3.1. Sotto questo profilo, la sentenza impugnata ha fatto applicazione dei superiori principi con una motivazione ampia ed esaustiva essendosi attenuta ai princìpi di diritto enunciati dalla precedente sentenza di questa Corte, che aveva annullato la precedente sentenza di appello e rinviato alla C.t.r. del Lazio affinché accertasse «il rendimento derivante dall’impiego sul mercato del capitale costituito dagli accantonamenti imputabili ai contributi versati a fondo dal datore di lavoro e dal lavoratore. In particolare, il giudice di rinvio dovrà effettuare un accertamento sulla natura e quantità del rendimento che sarebbe stato liquidato a favore del contribuente verificando se vi sia stato (e quale sia stato) l’impiego da parte del Fondo sul mercato del capitale accantonato e quale (e quanto) sia stato il rendimento conseguito in relazione a tale impiego giustificandosi solo rispetto a quest’ultimo rendimento l’affermata tassazione al 12,50%».

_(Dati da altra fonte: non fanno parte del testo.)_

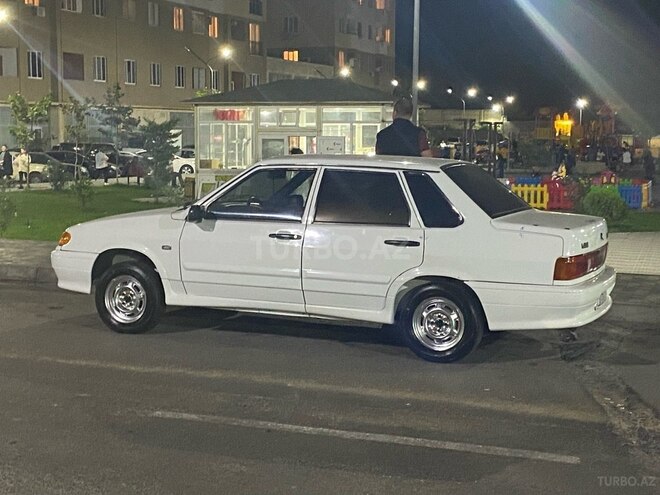 LADA (VAZ) 2115 2011, 168,000 km - 1.6 l - Bakı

La negazione del diritto al rimborso comporta logicamente anche ila negazione degli accessori sulla relativa sorte.
In conclusione, il ricorso va rigettato.
Le spese seguono la soccombenza e sono liquidate in dispositivo.
P.Q.M.
La Corte rigetta il ricorso.
Condanna il ricorrente a rifondere all’RAGIONE_SOCIALE le spese di giudizio che liquida in € 5.600,00, oltre spese prenotate a debito. Ai sensi dell’art. 13, comma 1 -quater , d.P.R. 30 maggio 2002, n. 115, dà atto della sussistenza dei presupposti processuali per il versamento da parte del ricorrente dell’ulteriore importo a ti tolo di contributo unificato, nella misura pari a quello previsto per il ricorso, a norma del comma 1bis del medesimo art. 13, se dovuto. Così deciso in Roma il 15 dicembre 2023.